*** Opening Collected data ***

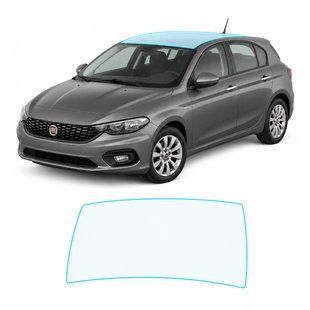 Купить Антигравийная защитная бронепленка по лекалам для Fiat Tipo II 2015-2020 - зона крыши 104242 Модельные лекала защитных пленок для Fiat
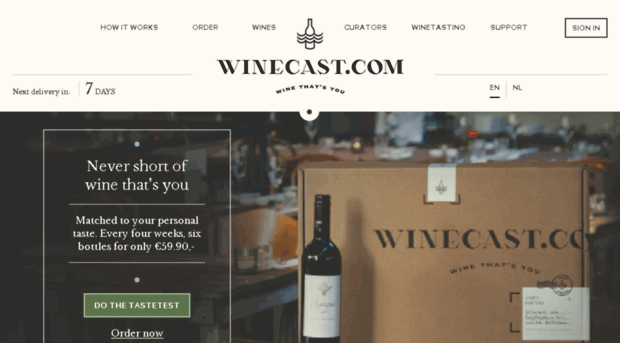 winecast.com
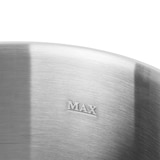 thumbnail of Biggie Small Einkochvollautomat Einkochtopf 16 Liter 2000 W Edelstahl Silber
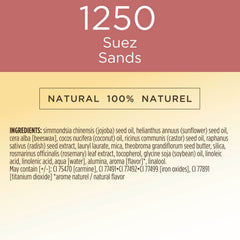 Burt's Bees 100% Natural All Aglow Lip & Cheek Stick, Suez Sands, 1 Tube , 9.07 g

*** Closing Collected data ***

Aim of the task | Give again, exactly, the lines from the start of the data through the one holding "thumbnail of Biggie"; omit the pictures.

Exercise solution |
 Купить Антигравийная защитная бронепленка по лекалам для Fiat Tipo II 2015-2020 - зона крыши 104242 Модельные лекала защитных пленок для Fiat
 winecast.com
 thumbnail of Biggie Small Einkochvollautomat Einkochtopf 16 Liter 2000 W Edelstahl Silber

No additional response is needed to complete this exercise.